Secondly, I am going to think twice about seeing any Somalian, Nigerian and Egyptian female under the age of 18. I just don’t want to deal with the fallout when I find FGM, which I inevitably will. I can’t help recall the awful situation that Dr Dhanuson Darasama went through when he was accused of carrying out FGM when helping a Somalian woman deliver her child. He simply put a stitch in the wound site to stop the bleeding after a forceps delivery. It took 30 minutes for a jury to acquit him but he lost two years of his life and his reputation was shredded. What this tells me is avoid, avoid, avoid.

Yes, it is a form of abuse, but FGM is carried out on the vast majority of girls in these countries. I have already decided to stop seeing any patient under the age of 18 in my private practice.

Crazily, the law also requires doctors to report situations when they find girls  with intimate tattoos and genital piercings – remember these may be 16 and 17 year olds who are old enough to marry and sign up for the military.

Thirdly, the cost of all this is terrifying. I estimate that it is going to cost around £1m for every conviction brought about by this new law.
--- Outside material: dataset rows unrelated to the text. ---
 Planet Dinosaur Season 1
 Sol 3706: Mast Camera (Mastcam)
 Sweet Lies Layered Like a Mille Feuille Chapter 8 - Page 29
That could save a lot of children from being stamped to death, starved and beaten by abusive parents who are not being given the oversight and support they need by a stretched social services.

And FGM, which involves removing the external genitalia, is an appalling thing, but is rarely fatal. Have we got our priorities right here?

I think a powerful lobby has jumped on this issue and turned a minority concern into a wrecking ball that will cause widespread damage to the medical community and patients who need our help.

The real focus should be getting the communities involved to change their minds about FGM, through education and guidance, direct to the heart of the problem. It seems to me that the people who govern us are so worried about being seen as racist, they would rather target the hapless doctors, nurses and teachers who are trying to pick up the pieces.